#### Task to carry out:
Below, locate the line that contains "Car of miscreants". Repeat exactly from that line to the line that contains "mph011_227779083_New_2025_Aston_Martin_DBX_707_fe41b3f070", inclusive, leaving out the pictures.

#### Listed records:
┄┄┄┄┄┄┄┄┄┄
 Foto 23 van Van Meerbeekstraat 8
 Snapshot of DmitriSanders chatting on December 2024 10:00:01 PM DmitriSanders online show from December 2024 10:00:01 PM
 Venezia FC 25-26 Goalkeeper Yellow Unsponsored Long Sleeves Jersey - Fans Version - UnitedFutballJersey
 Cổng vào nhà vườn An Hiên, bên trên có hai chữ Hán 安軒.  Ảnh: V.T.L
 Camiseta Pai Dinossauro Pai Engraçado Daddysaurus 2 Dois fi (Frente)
┄┄┄┄┄┄┄┄┄┄
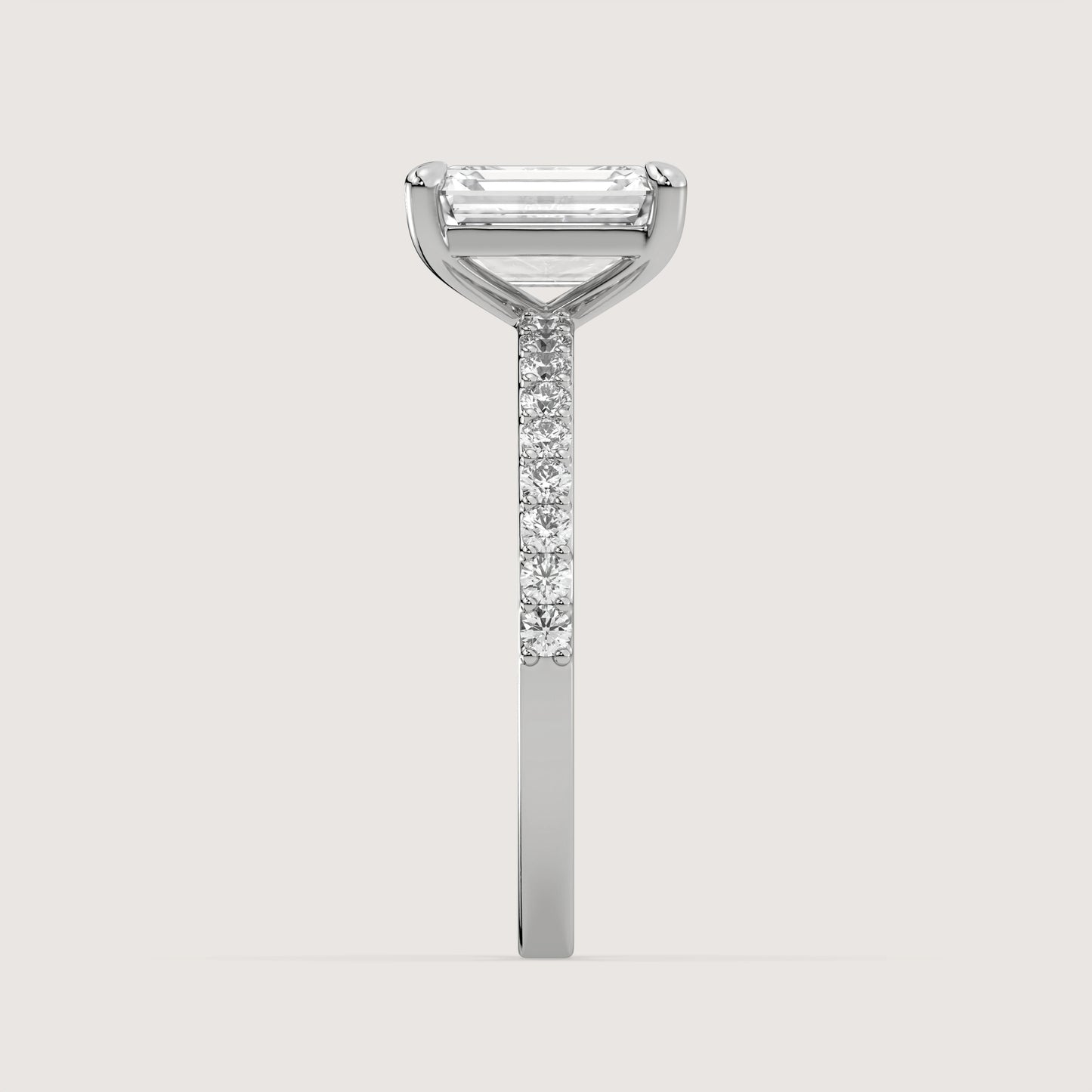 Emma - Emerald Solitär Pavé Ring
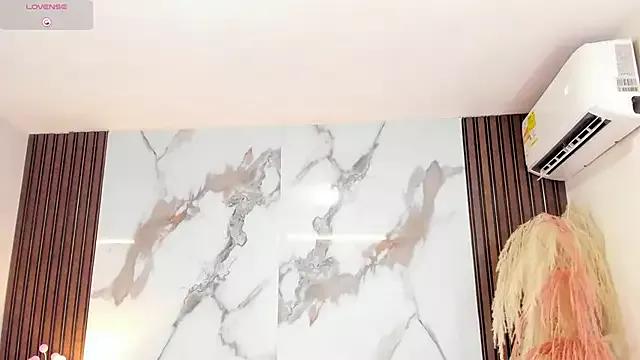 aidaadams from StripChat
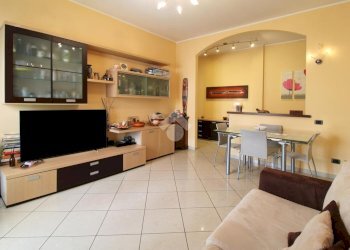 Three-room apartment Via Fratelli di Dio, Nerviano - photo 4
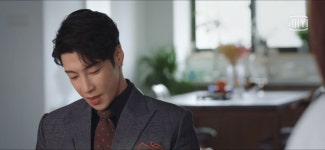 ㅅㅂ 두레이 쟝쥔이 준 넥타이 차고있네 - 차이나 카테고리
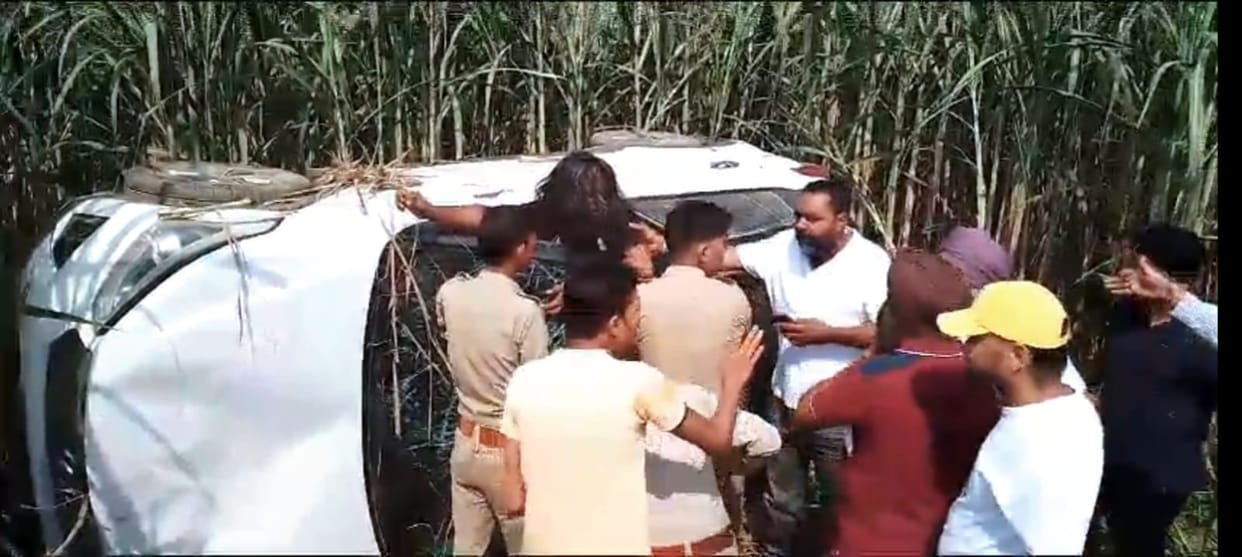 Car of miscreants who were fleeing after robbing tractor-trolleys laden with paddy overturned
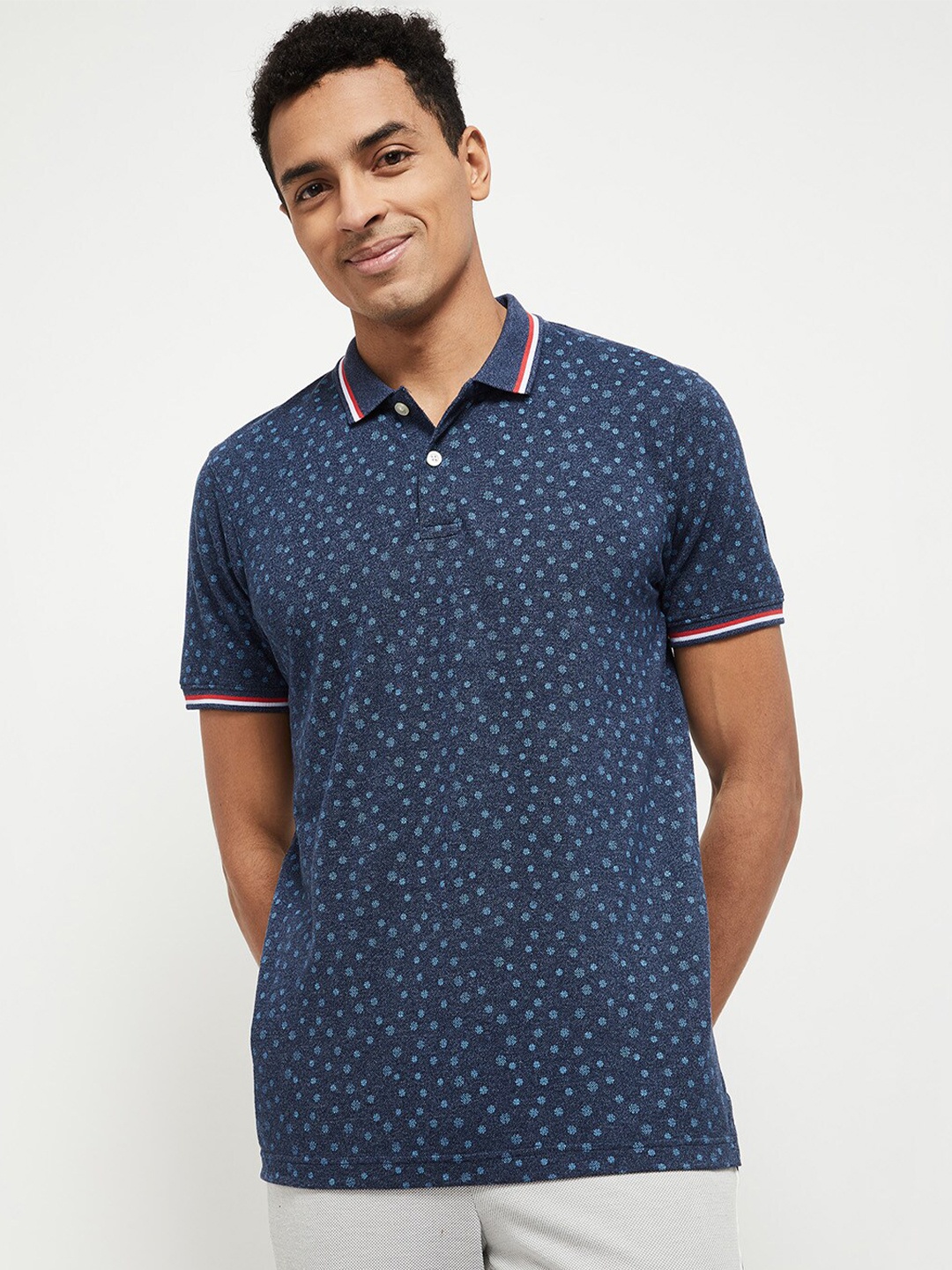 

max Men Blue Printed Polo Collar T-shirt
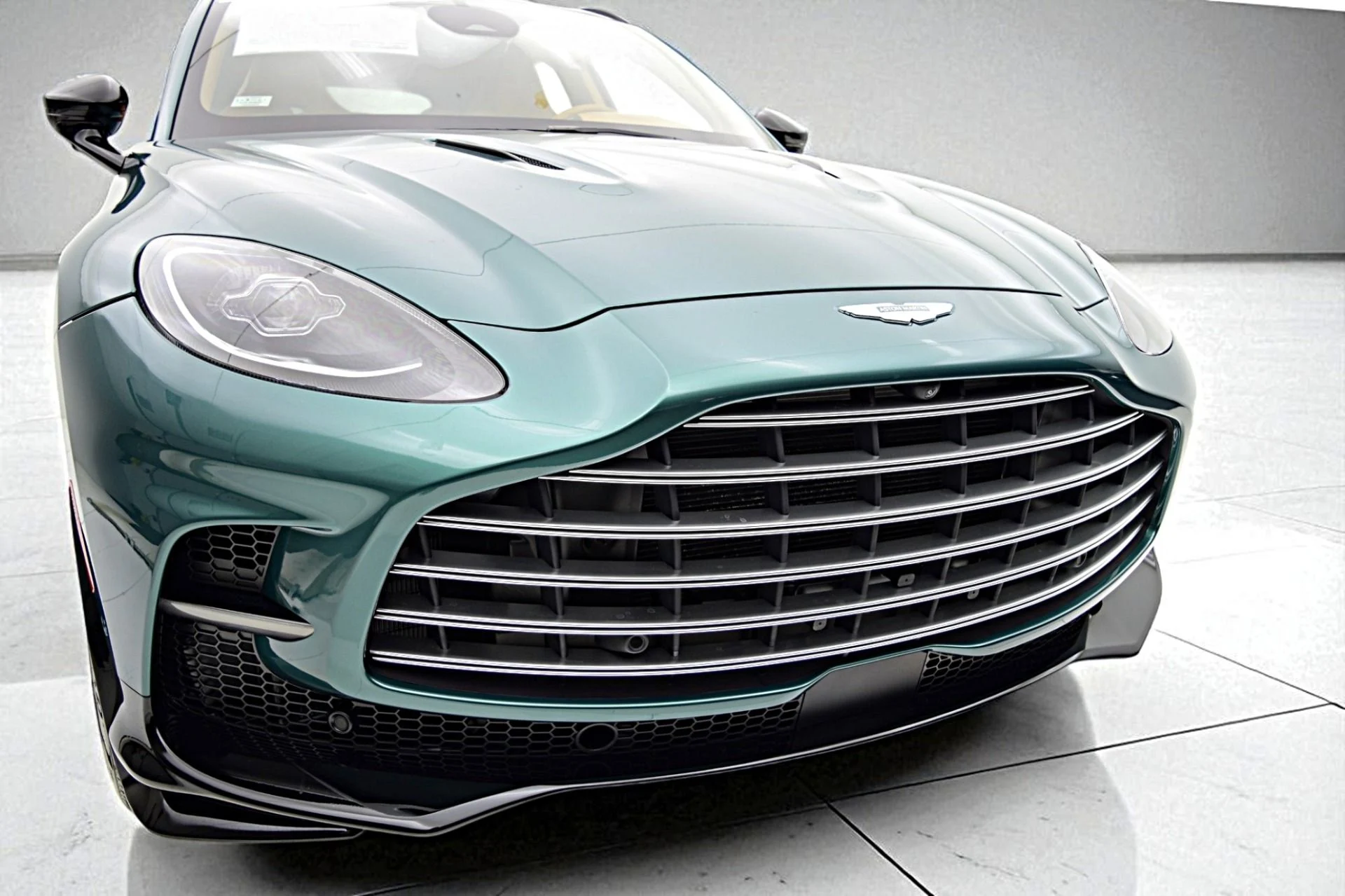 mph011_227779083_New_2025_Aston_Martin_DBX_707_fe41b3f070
┄┄┄┄┄┄┄┄┄┄
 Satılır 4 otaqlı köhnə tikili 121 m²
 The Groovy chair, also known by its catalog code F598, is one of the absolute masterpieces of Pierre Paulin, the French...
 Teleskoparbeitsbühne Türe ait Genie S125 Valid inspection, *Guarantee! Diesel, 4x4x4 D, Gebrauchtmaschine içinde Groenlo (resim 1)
┄┄┄┄┄┄┄┄┄┄
#### Written response:
 Car of miscreants who were fleeing after robbing tractor-trolleys laden with paddy overturned

max Men Blue Printed Polo Collar T-shirt
 mph011_227779083_New_2025_Aston_Martin_DBX_707_fe41b3f070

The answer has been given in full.